[Stored entries]

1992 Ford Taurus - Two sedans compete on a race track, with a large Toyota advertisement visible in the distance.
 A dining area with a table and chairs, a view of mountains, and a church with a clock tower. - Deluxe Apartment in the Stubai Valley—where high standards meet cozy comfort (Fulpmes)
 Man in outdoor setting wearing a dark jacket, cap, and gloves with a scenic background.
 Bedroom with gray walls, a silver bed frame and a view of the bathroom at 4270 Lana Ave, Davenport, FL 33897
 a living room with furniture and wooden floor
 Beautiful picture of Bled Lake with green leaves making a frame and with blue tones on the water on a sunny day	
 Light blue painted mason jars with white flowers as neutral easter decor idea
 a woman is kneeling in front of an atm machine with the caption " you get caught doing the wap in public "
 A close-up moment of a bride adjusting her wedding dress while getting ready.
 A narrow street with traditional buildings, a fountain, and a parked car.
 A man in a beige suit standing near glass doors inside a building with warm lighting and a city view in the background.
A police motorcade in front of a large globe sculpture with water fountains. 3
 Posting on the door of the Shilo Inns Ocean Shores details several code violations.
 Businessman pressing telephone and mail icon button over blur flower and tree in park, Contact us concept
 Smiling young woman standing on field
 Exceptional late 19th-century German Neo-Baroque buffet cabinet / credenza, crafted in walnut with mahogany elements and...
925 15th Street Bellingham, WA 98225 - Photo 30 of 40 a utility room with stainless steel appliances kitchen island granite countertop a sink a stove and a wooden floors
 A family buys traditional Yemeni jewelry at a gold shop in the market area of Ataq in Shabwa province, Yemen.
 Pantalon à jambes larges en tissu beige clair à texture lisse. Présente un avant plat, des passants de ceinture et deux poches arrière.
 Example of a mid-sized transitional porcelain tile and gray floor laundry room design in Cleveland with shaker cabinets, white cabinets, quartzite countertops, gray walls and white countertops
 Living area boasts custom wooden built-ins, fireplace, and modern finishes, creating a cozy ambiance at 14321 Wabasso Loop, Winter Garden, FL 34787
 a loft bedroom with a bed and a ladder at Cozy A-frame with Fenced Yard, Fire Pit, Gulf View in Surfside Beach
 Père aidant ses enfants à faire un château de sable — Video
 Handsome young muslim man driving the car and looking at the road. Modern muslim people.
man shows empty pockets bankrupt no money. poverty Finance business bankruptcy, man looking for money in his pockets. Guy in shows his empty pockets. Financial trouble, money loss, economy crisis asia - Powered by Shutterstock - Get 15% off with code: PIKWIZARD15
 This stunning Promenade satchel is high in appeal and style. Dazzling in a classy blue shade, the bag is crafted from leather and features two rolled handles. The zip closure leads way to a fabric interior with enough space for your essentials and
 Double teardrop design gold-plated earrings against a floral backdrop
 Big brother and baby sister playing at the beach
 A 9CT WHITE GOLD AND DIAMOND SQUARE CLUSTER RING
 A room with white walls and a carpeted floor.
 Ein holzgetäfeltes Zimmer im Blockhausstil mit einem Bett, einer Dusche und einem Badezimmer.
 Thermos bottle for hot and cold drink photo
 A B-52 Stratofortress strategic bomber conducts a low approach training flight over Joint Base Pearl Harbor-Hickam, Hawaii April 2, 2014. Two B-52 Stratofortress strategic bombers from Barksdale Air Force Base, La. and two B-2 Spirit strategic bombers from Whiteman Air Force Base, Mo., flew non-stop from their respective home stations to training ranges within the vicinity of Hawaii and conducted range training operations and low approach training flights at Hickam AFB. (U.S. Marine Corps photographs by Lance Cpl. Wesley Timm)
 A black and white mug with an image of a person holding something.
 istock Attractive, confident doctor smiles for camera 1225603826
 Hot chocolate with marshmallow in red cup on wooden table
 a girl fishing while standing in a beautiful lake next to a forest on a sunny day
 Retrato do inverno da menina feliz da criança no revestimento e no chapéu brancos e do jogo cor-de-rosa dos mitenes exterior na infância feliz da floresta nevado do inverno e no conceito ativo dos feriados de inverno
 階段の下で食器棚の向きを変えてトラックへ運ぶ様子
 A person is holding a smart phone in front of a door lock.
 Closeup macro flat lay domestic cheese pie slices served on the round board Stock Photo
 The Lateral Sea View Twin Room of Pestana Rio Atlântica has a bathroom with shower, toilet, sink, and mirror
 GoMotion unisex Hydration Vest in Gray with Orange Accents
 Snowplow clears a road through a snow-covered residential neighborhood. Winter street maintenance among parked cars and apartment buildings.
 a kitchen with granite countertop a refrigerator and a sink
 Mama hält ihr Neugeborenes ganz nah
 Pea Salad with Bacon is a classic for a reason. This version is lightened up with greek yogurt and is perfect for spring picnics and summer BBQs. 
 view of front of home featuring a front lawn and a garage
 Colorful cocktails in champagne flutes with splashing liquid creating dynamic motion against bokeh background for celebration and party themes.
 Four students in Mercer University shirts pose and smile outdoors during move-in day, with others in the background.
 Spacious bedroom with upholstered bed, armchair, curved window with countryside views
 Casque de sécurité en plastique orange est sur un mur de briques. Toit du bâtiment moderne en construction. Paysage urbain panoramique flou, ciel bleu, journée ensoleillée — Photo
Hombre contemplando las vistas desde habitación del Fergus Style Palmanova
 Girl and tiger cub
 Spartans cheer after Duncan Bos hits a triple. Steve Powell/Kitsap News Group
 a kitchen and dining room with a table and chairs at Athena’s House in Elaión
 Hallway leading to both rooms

| Your goal |
Gather all lines of the records that include the word "home".

| Exercise result |
 A B-52 Stratofortress strategic bomber conducts a low approach training flight over Joint Base Pearl Harbor-Hickam, Hawaii April 2, 2014. Two B-52 Stratofortress strategic bombers from Barksdale Air Force Base, La. and two B-2 Spirit strategic bombers from Whiteman Air Force Base, Mo., flew non-stop from their respective home stations to training ranges within the vicinity of Hawaii and conducted range training operations and low approach training flights at Hickam AFB. (U.S. Marine Corps photographs by Lance Cpl. Wesley Timm)
 view of front of home featuring a front lawn and a garage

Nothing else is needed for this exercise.